Prahlad Friedman is a man apart from the poker industry. While many young players have trodden the familiar path of gaining reputations based on their online play, many legends of the game cut their teeth at the live felt. Friedman falls between those two stalls.
The man known as Pragress spoke with us during the 2019 World Series of Poker on his incredible rise and fall, along with What he’d really say to Russ Hamilton if he met him today.
Watch the Prahlad Friedman Poker Central Podcast episode on PokerGO right now.
While Friedman has been incredibly successful in poker, he gave up on his dream of being in the NBA, growing up being a fine basketball player.
“I was very competitive, so wanted to be best the world at poker,” says Friedman, referencing how he began his discovery of the game from his father. “It all started with my Dad winning a lowball tournament. It was exciting.”
Friedman realized that it wasn’t just a game played for fun or bragging rights between older men. He quickly signed up online, and developed a fearsome reputation, mixing it up and pioneering some of the plays defined as optimal by the solvers in use today. Bridging the generation gap with his father’s poker pursuit, Friedman became a big name in the game.

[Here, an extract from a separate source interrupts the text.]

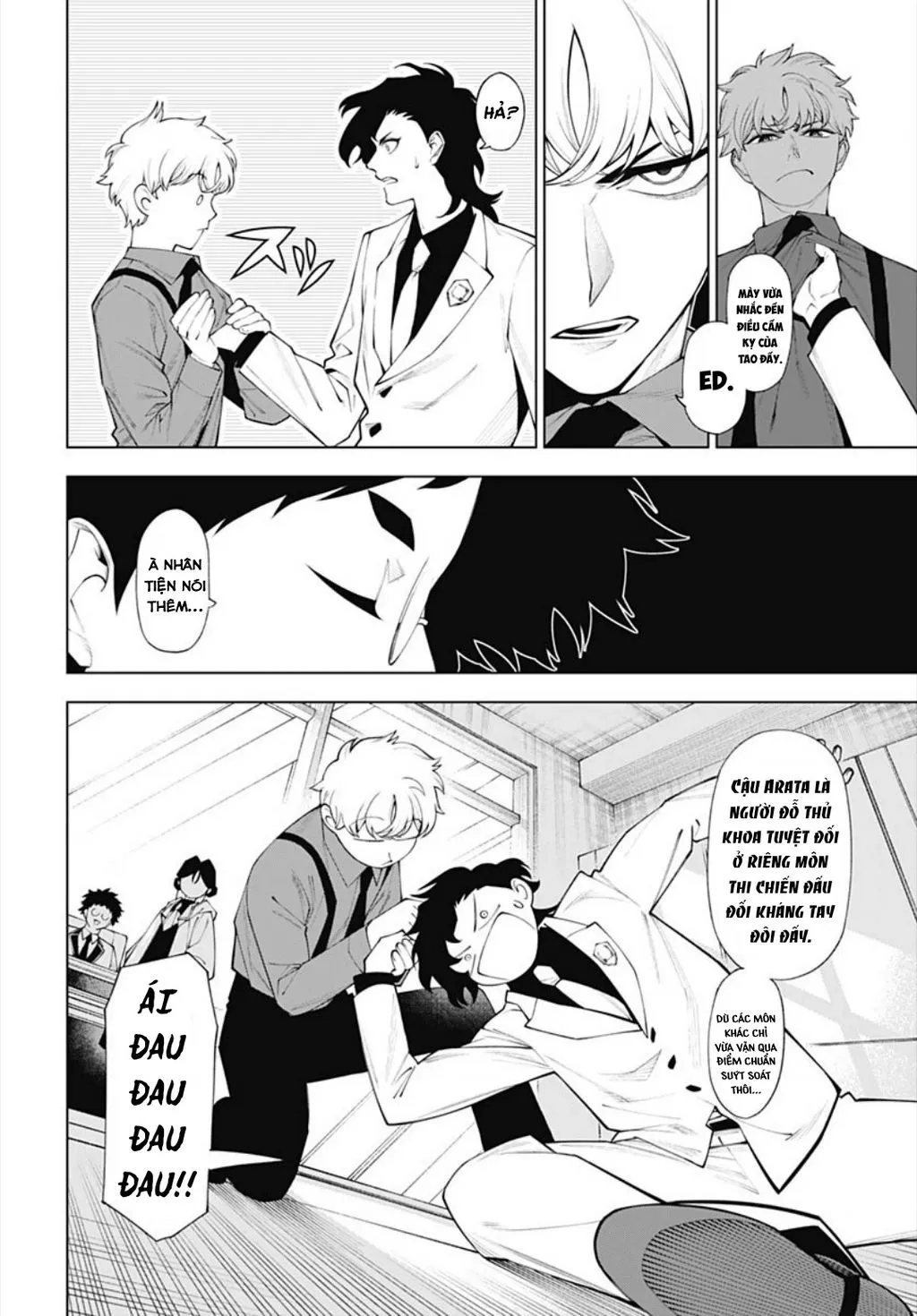 Wanderlust Chap 3 - Next Chap 4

“I miss waking up in my underwear, taking on all comers,” states Friedman when asked about those formative years.
“Whether it was Phil Ivey, Doyle Brunson or ‘Durrr’ , there was a time where I would literally play anyone,” admits Friedman, “That’s how I got cheated for so much. There was some ego there, which was detrimental to me in the end. I did think I was the best in the world. I wanted to stay there.”
Friedman could not stay there, but it wasn’t down to his own play. The Ultimate Bet scandal saw players robbed of millions due to others being able to see hole cards. Friedman himself lost a fortune.

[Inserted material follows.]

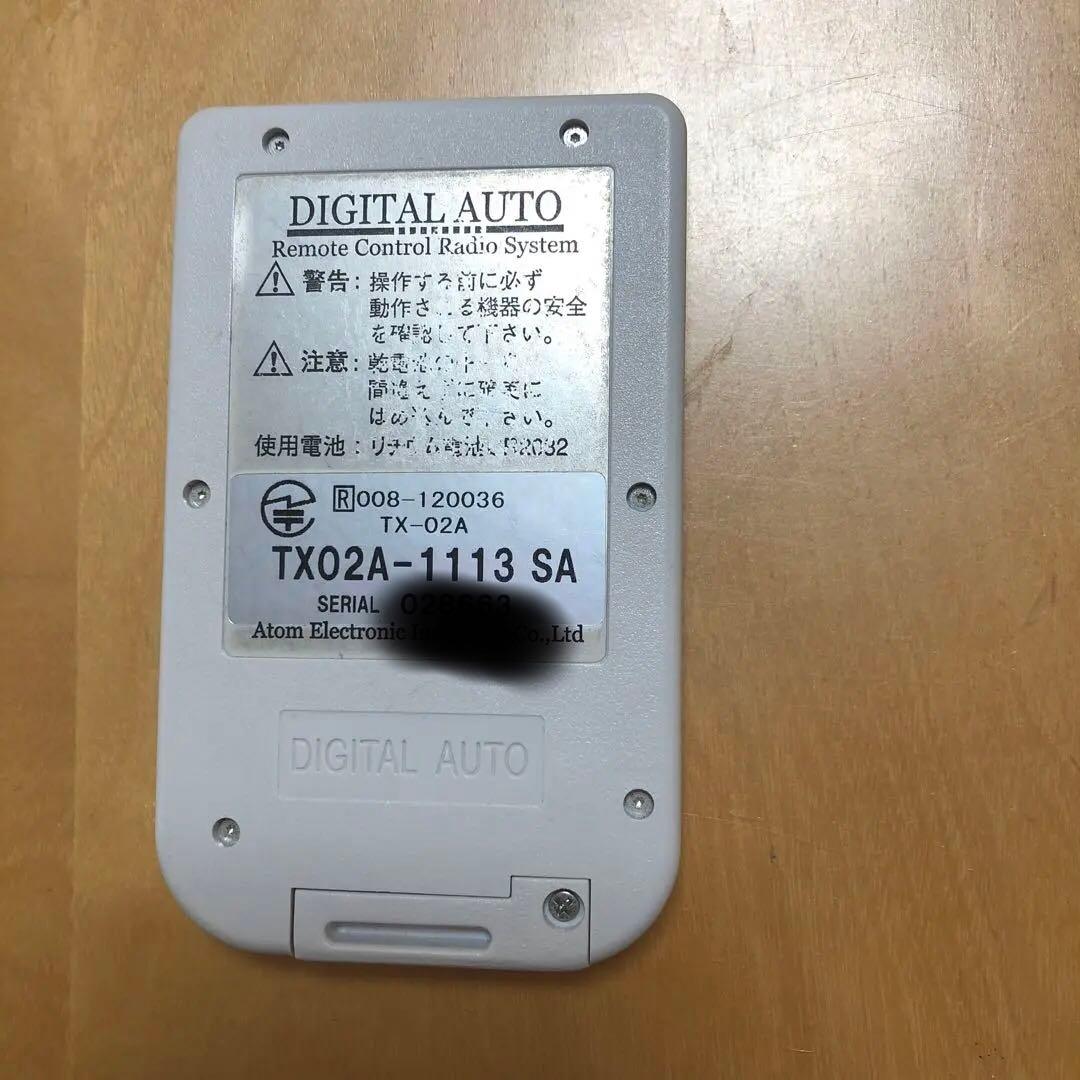 三協アルミ リモコン送信機 TX02A-1113 SA - メルカリ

“I had done well for so long and taken swings; up a million, down a million. I figured it was a downswing. There were times when I started to get nervous something was happening, but picked me off for a couple million. It really hurt me bad.”

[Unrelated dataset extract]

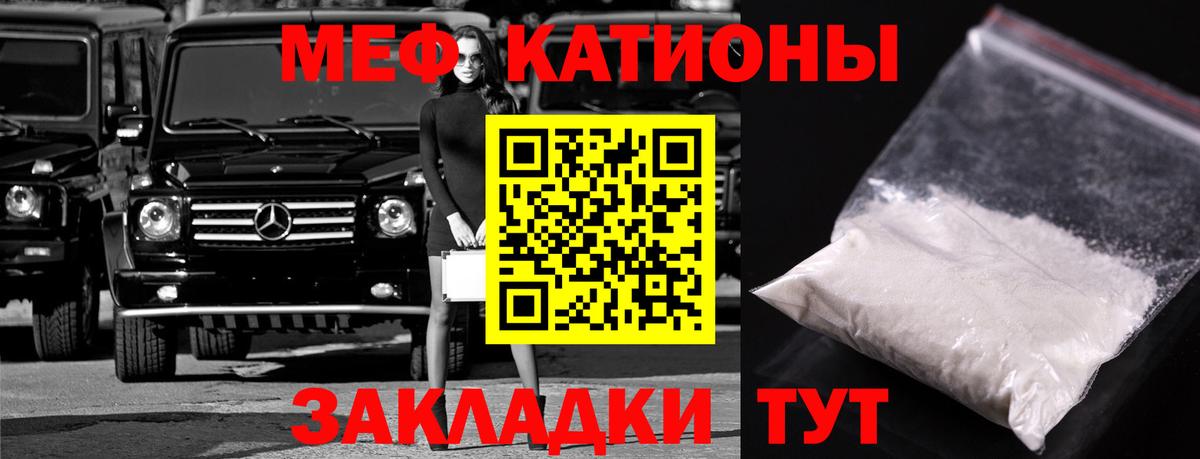 МЯУ-МЯУ 4 MMC  где найти наркотики  Елец  Меф mephedrone  Вход с VPN  Мефедрон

Friedman noticed his game changing, which was one of the worst things about the whole affair.
“When you’re being cheated, you change your game, I stopped over-betting, I became nitty. No bluff worked, being cheated. Getting cheated out of maybe $3 million maybe cost me something big.”
While he was winning, Friedman was ‘helping friends out and splashing money’, but then the black cloud descended on his game as he puts it. After the Ultimate Bet scandal surfaced, he would receive a call from a poker legend.
“When I found out I was getting a big refund, Phil Hellmuth called me in Aruba, I got $60,000 and he said, ‘You’re going to get a lot more than that back.”
Hellmuth’s call precipitated a return to UB for Friedman, something he was criticized for by Daniel Negreanu at the time and now feels bad about. If he has regrets, however, it’s not just losing such a ‘tremendous’ amount of money, but that he was cheated again after he turned pro for the site to get a 9% yield.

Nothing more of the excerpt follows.